Recorded information:
----------------
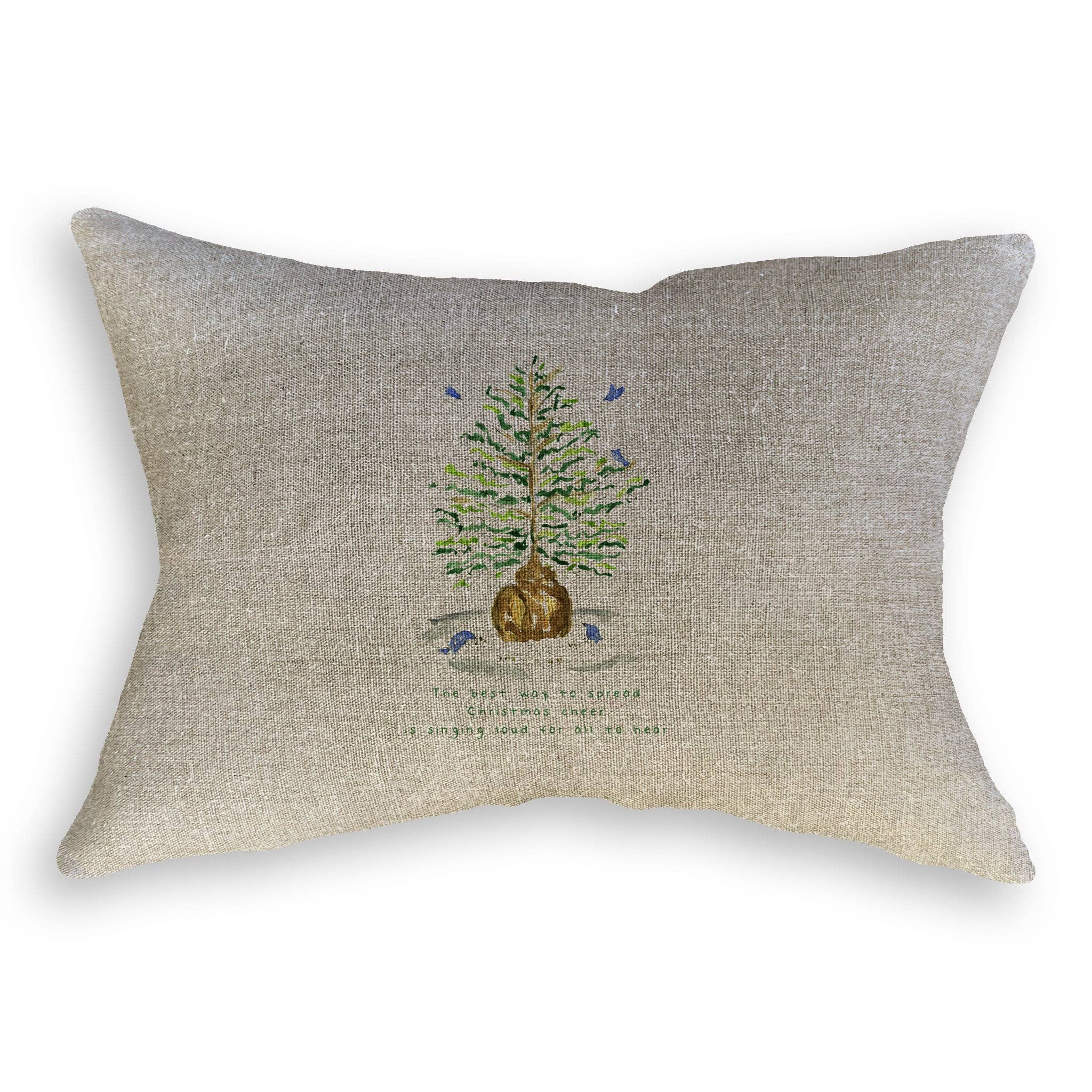 Christmas Tree with Birds Kitchen Towel - Festive Holiday Decor - French Graffiti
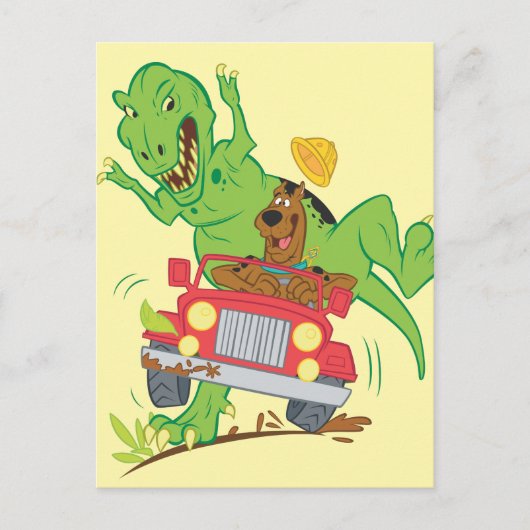 Scooby-Doo T-Rex-aanval Briefkaart (Voorkant)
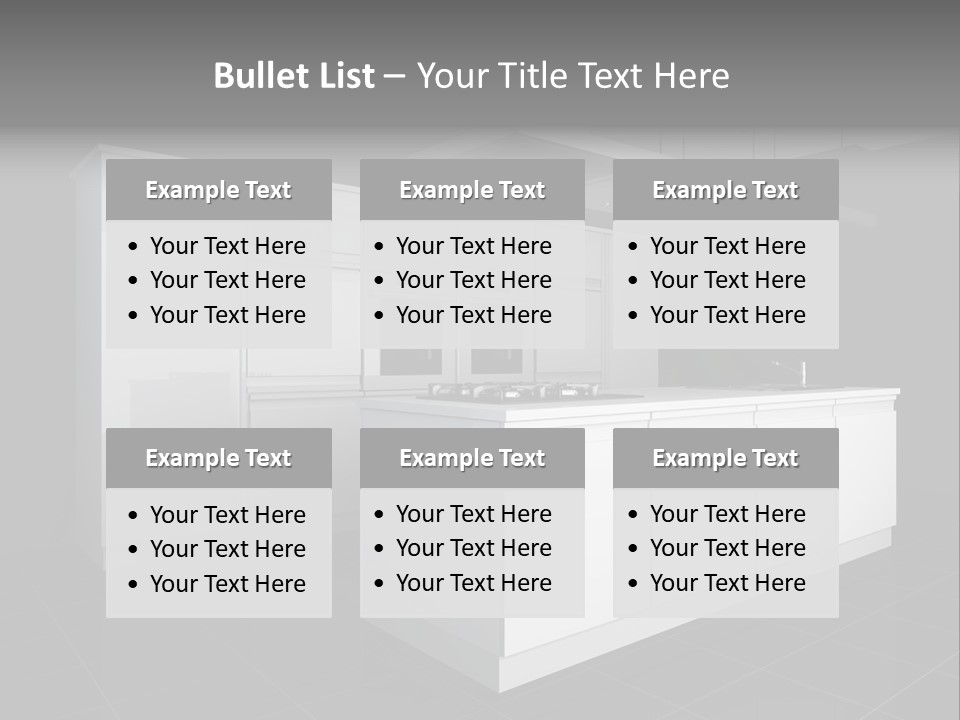 A Black And White Photo Of A Kitchen PowerPoint Template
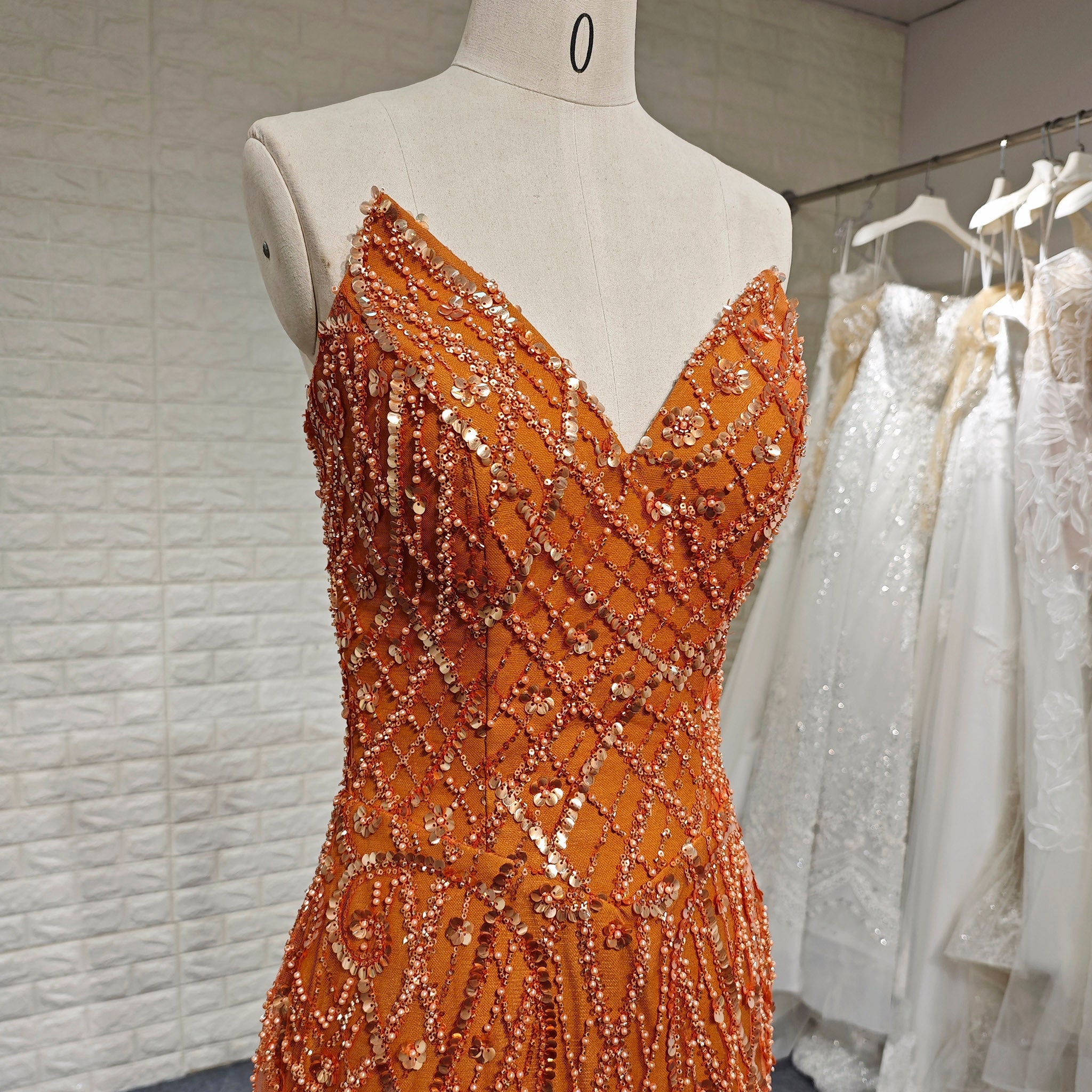 Elegant Women V Neck Sequin Maxi Evening Dress with Sparkly - Rosymae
----------------
Task: Restate each line of the material word for word, skipping any picture.

Exercise result:
 Christmas Tree with Birds Kitchen Towel - Festive Holiday Decor - French Graffiti
 Scooby-Doo T-Rex-aanval Briefkaart (Voorkant)
 A Black And White Photo Of A Kitchen PowerPoint Template
 Elegant Women V Neck Sequin Maxi Evening Dress with Sparkly - Rosymae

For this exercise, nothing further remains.